God made a promise to them to always be their God. Just as we said when we looked at the covenant God made with Abraham, God claimed them as his people, forever. What’s new here is the how: instead of rote adherence to the law, God will be on their hearts, God will be with them inside of their very beings. The basics still remain the same: love God, love neighbor, as we examined last week in the Ten Commandments. And there are consequences that remain for us for failure to uphold the law.

But, what’s new is that God will implant the law within us. As Christians, here’s how we understand that: at baptism, we note that this new covenant comes true for us when God claims us and imparts the Holy Spirit into our lives.

So, just as with Abraham, God claims us. We carry the image of God, we have the Holy Spirit within us; we are the walking, talking, breathing, living embodiment of this fact: God keeps God’s promises.

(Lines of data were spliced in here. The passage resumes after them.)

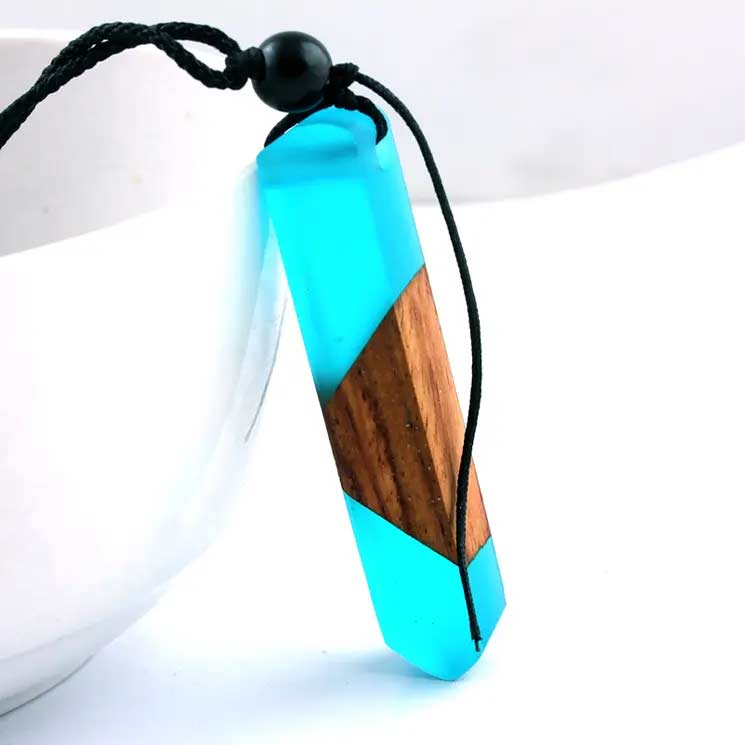 Wooden Crystal Night Glowing Necklace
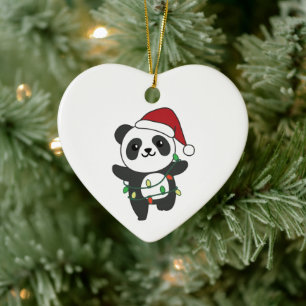 Panda Christmas Winter Animals Pandas Ceramic Orna Ornament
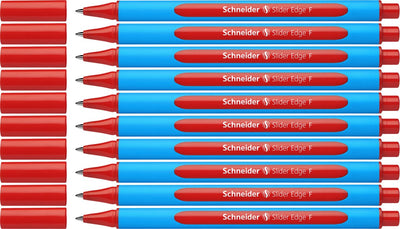 Schneider schrijfwaren schneider balpen - slider edge - f - rood - 10 stuks - s-152002-10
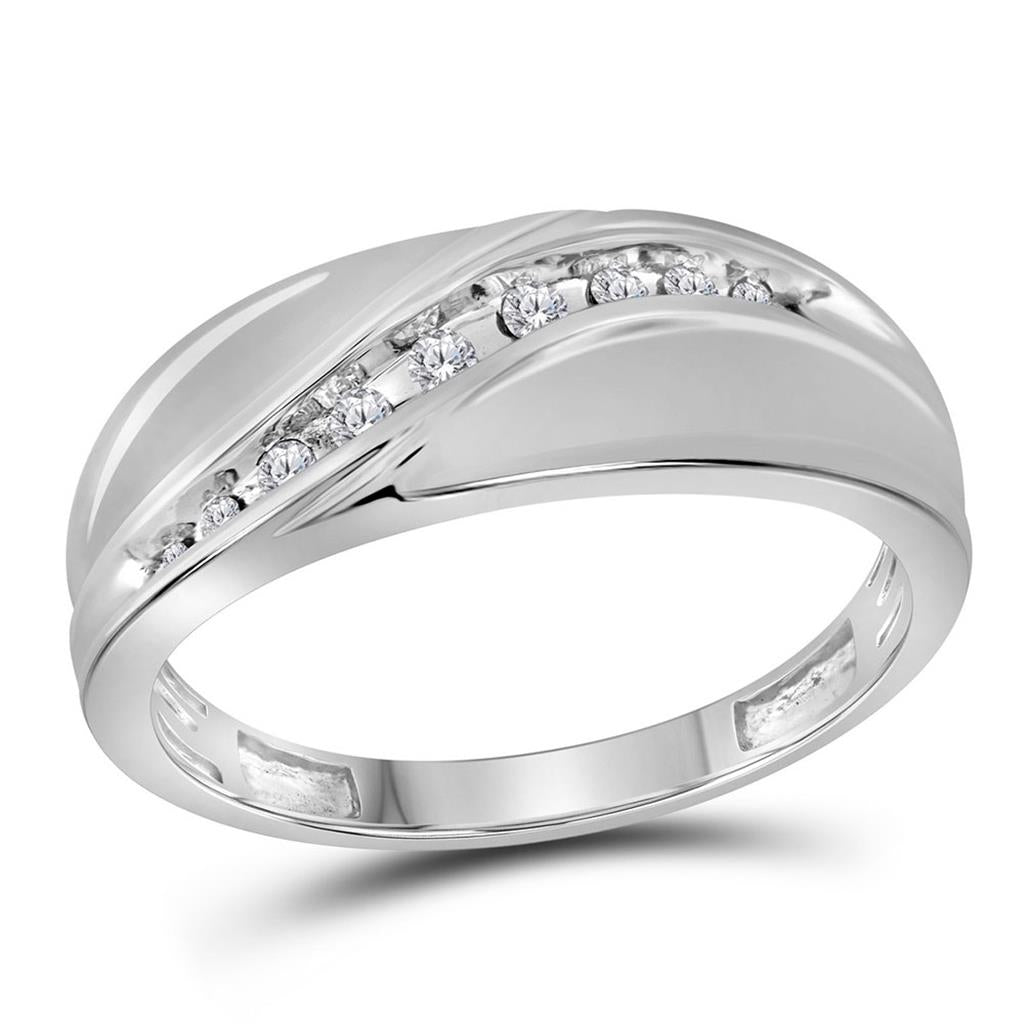 14k White Gold Round Diamond Single Row Fashion Band Ring 1/8 Cttw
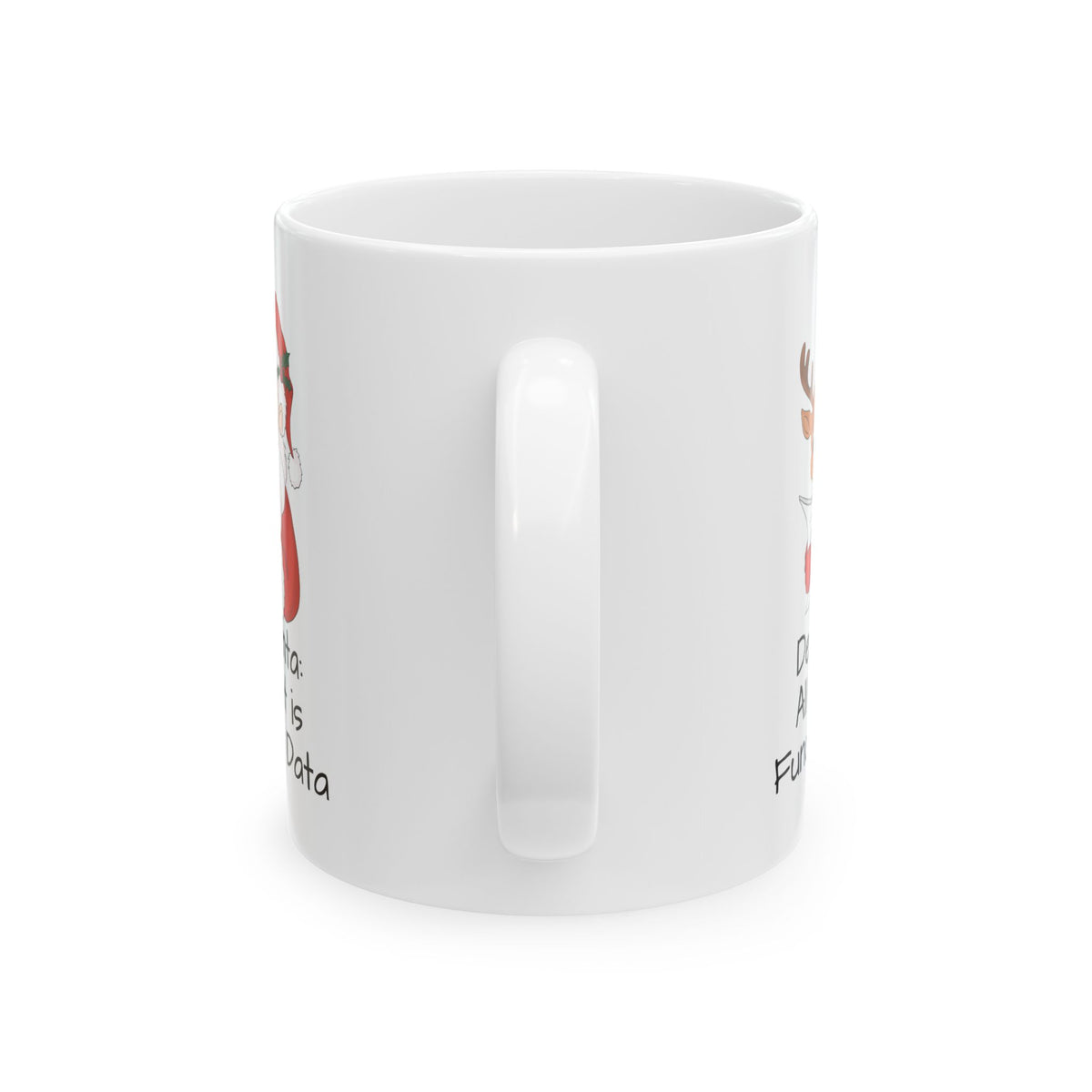 Funny Christmas Ceramic Mug - Santa & Reindeer Design (11oz, 15oz)
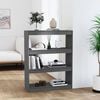 vidaXL Book Cabinet/Room Divider Grey 80x30x103.5 cm Solid Wood Pine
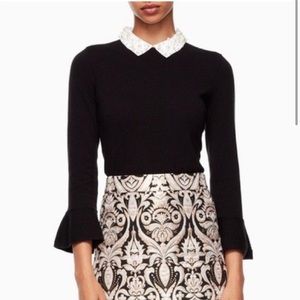 Kate Spade Sweater with pearl collar and bell sleeves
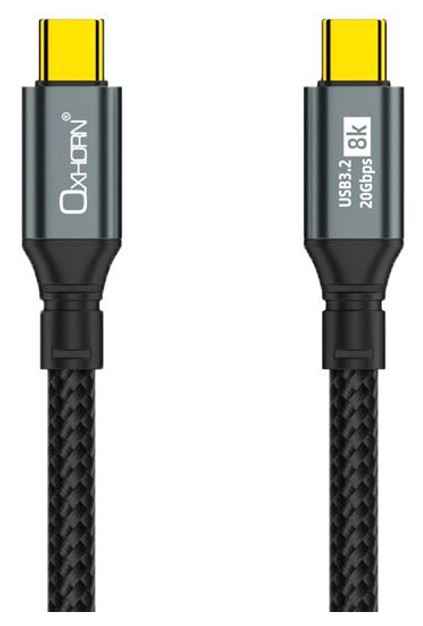 Oxhorn USB 3.2 Gen 2×2 2m USB-C to USB-C 20Gbps 8K@60Hz 20V 100W E-Marker Chip Black fast charging  Video cable Laptop Phones Tablet USB-C Device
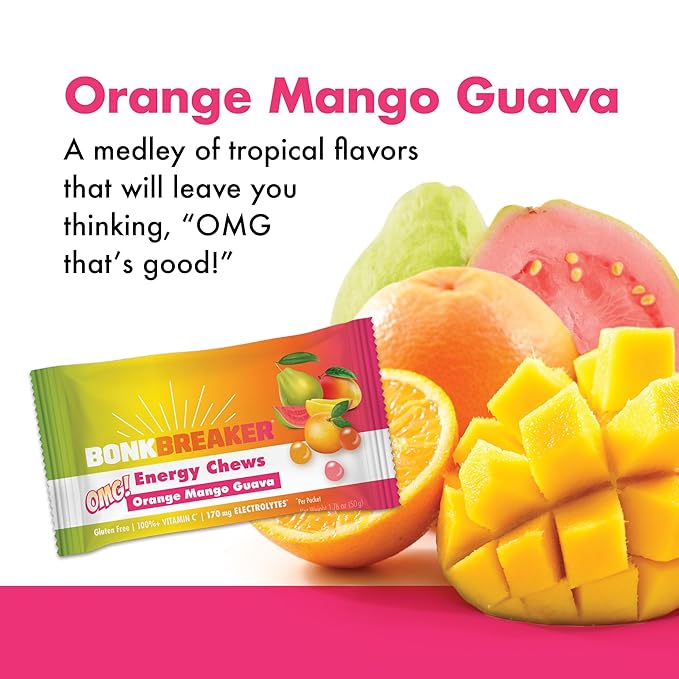 Bonk Breaker Energy Chews with Electrolytes, Orange Mango Guava, Easy to Chew Energy Gummies, 10 Pack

This means to matter how far we’ve strayed, like these Judeans, no matter how idolatrous we might have been, no matter how much we’ve rejected God in the past, no matter how much sin we have in our lives, no matter how much we’ve failed to love God and love neighbor, God still claims us, God’s promises are still for us; God says to us today and all days, “I wish you never got away.”

I wish you never got away. God has put God’s Teaching, knowledge of God, into the depths of our very beings for we are created in God’s image. We carry around the very image of the God we abandon, the God we squander, the God we hurt.

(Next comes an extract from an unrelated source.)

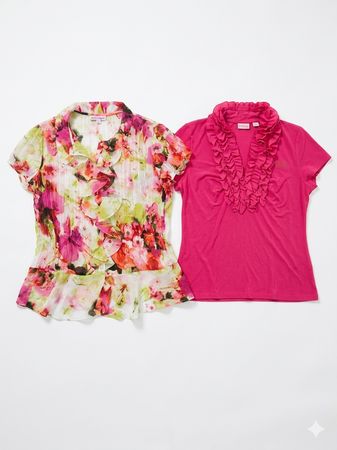 (FV-1106) Y2K Pink Aesthetic Tops Bundle | Cute Barbiecore Floral & Ruffle Tees Collection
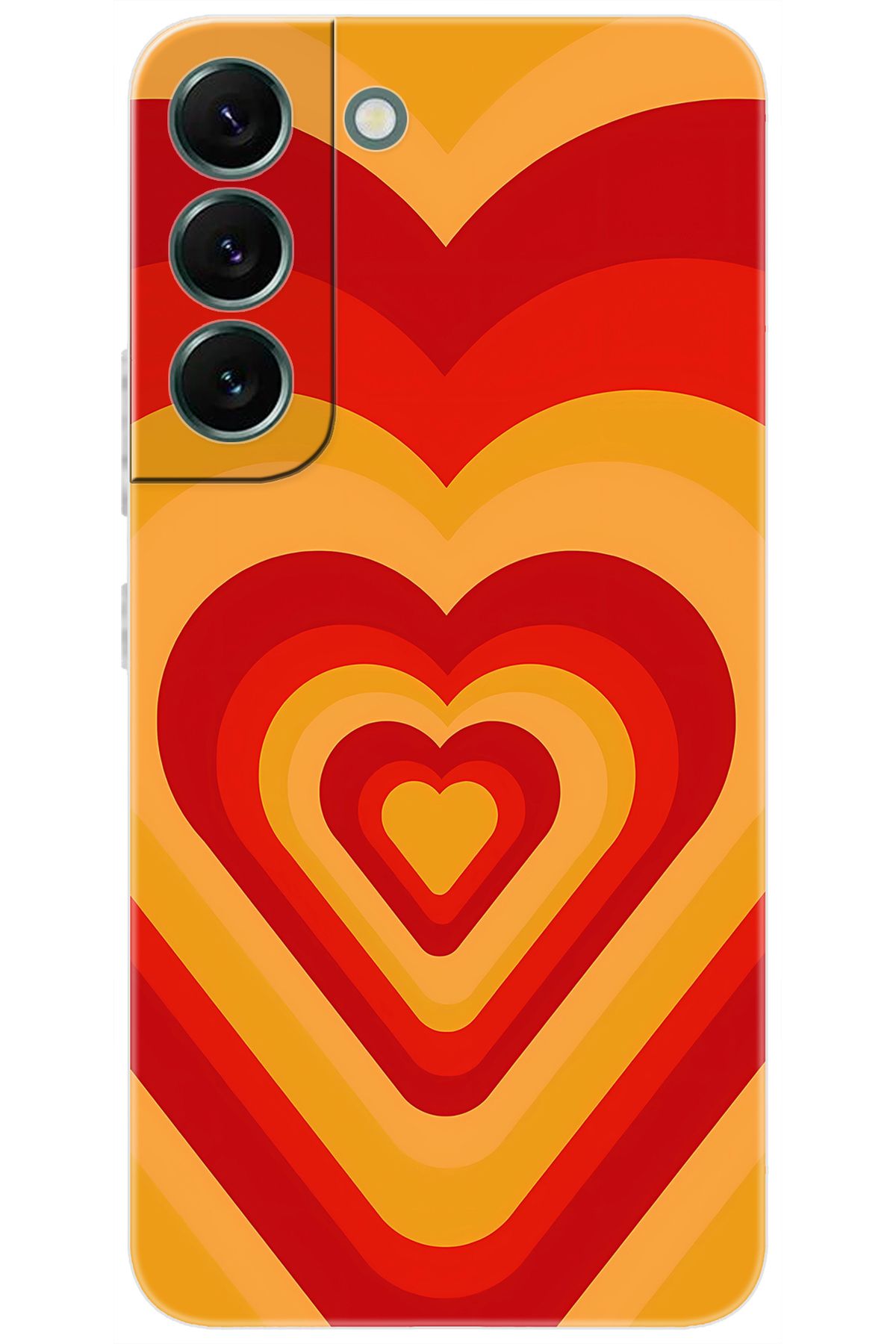 Ceppare Samsung Galaxy S22 PLUS (SM-S906E) Uyumlu Kılıf Silikon Sarı Kırmızı Kalpler STK:1009 CP-8VELgHs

And even still, God calls to us from inside our hearts, where God has been all along. We may try to get away, we may even feel like the one who got away, but God’s inscription remains on our hearts. God has always been there, calling out our names, speaking to us saying, “I wish you never got away.”

If you’re the one that got away, God says to you this morning, “I wish you never got away.” Nowhere in God’s thoughts or heart is the wish that you were the one that got away. There’s no rejection, only acceptance of you as God’s beloved child, God’s image, that divine spark. Return today. You may have gotten away, but God is ready with open arms to receive you back. God says even to you, I wish you never got away.

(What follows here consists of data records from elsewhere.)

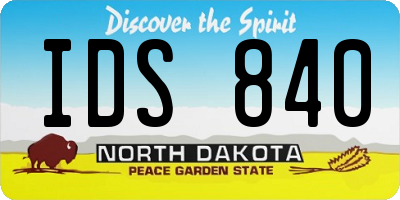 ND license plate IDS840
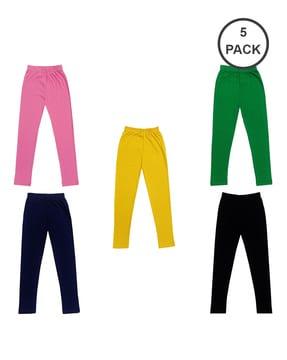 pack of 5 leggings with elasticated waistband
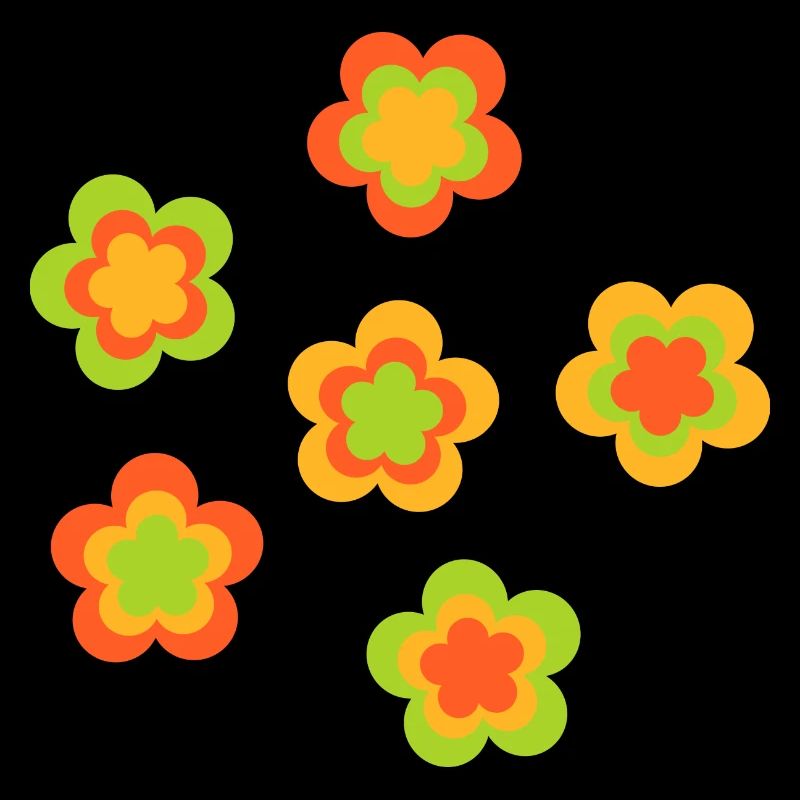 des années 70 motif de fleur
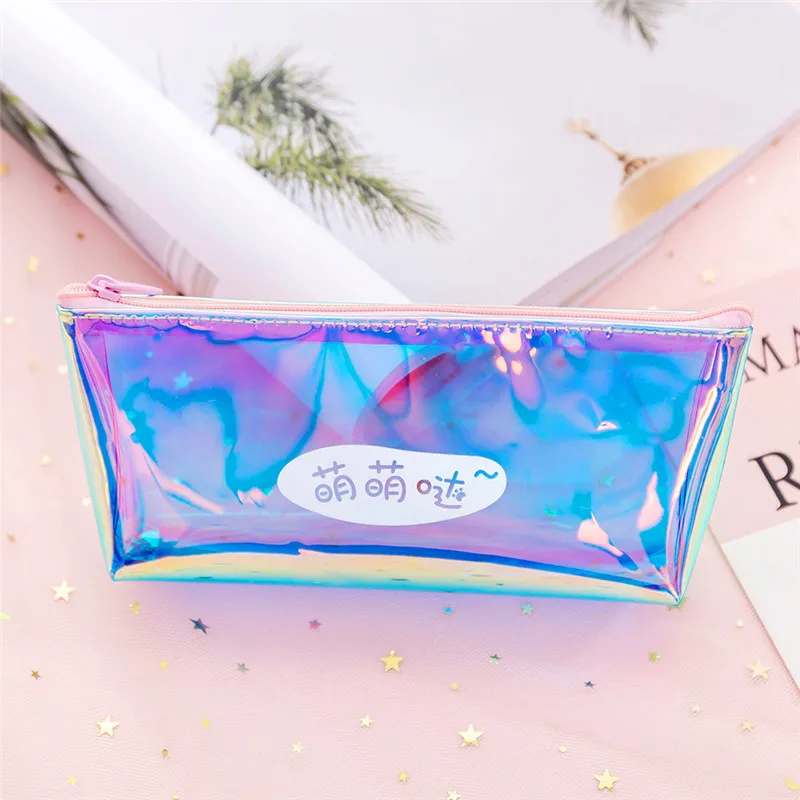 Letter Print Laser Small Bag Holographic Women PVC Coin Purses Fashion Clear Jelly Handbag Girls Coin Card Holder For Kids Purse - Цвет: Cosmeti Bag MMD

If you, like the Jews of Jeremiah’s time, tend to cry out to God for help when things are hard and then forget God when things are good, know that God will always receive you back into relationship. God hasn’t gone anywhere. But out of respect for the relationship and the fact that God has saved you over and over again, and will continue to do so, choose to maintain healthy relationship. Pray daily. Keep the commandments, not to keep God happy, but out of respect, knowing that, just as we said last week, that is the way to maintain healthy relationship. Love God, love neighbor.

Whenever we struggle in our relationships with God, we can rest on the promise made here, a promise built on the covenant promises we’ve been examining, that God will never abandon us. Scripture says over and over again, “never will I leave you, nor forsake you.” That’s a promise made to us today here in Jeremiah.

So no matter where you are in your relationship with God, rest on the promises of God. Rest in this promise, made here in Jeremiah, that God will always be our God, that God is within our very beings, that God has claimed us as his own and made us in his image. God loves us so much that God will always welcome us back into relationship, no matter how far we’ve strayed.

Never will God say to us, I wish you were the one that got away.

Always, we can hear the voice of God instead saying, “I wish you never got away, for I will forgive your iniquity, and remember your sins no more.”

In the name of the Father, Son, and Holy Spirit; Amen.